Exercise details: Beginning with the line that includes "Mensen die push-ups" and ending with the last line of the entries below, set down each line exactly; include no pictures.

Extracted records:
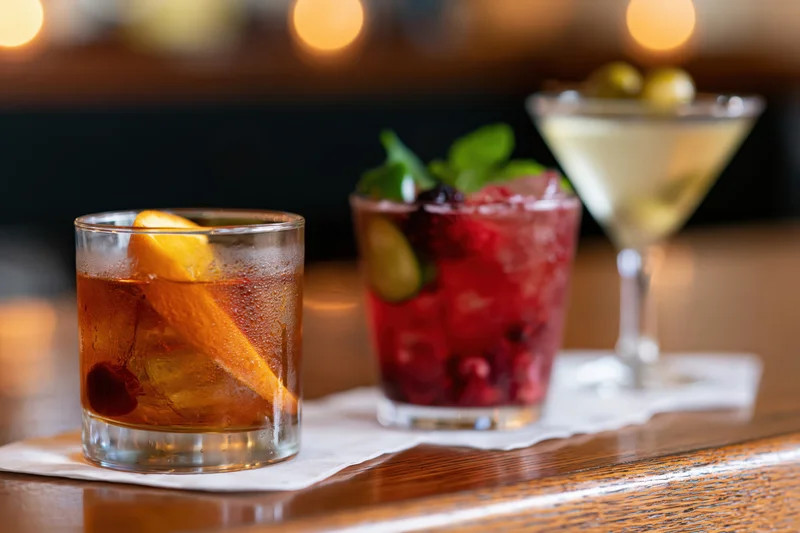 Three cocktails with garnishes arranged on a wooden bar top under warm lighting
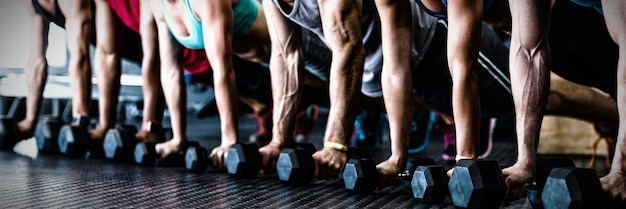 Mensen die push-ups doen met halters in de sportschool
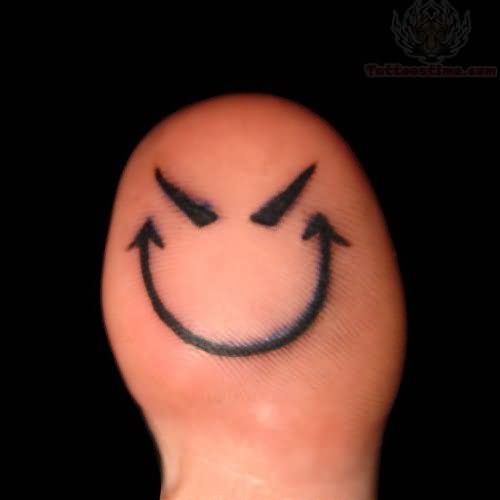 Evil Smiley Bottom Of Toe Tattoo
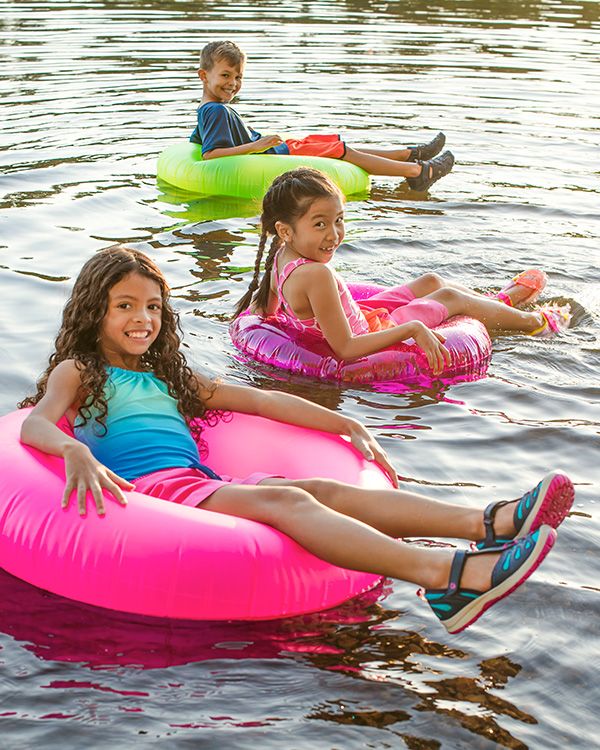 A group of kids floating on inner tubes in water wearing Merrell shoes.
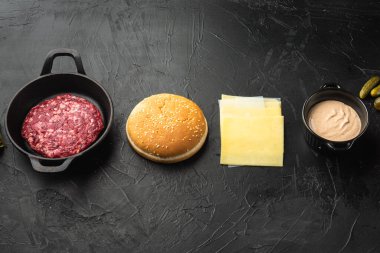 Beef burger ingredients set, on black stone background, with copy space for text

Output of the task:
 Mensen die push-ups doen met halters in de sportschool
 Evil Smiley Bottom Of Toe Tattoo
 A group of kids floating on inner tubes in water wearing Merrell shoes.
 Beef burger ingredients set, on black stone background, with copy space for text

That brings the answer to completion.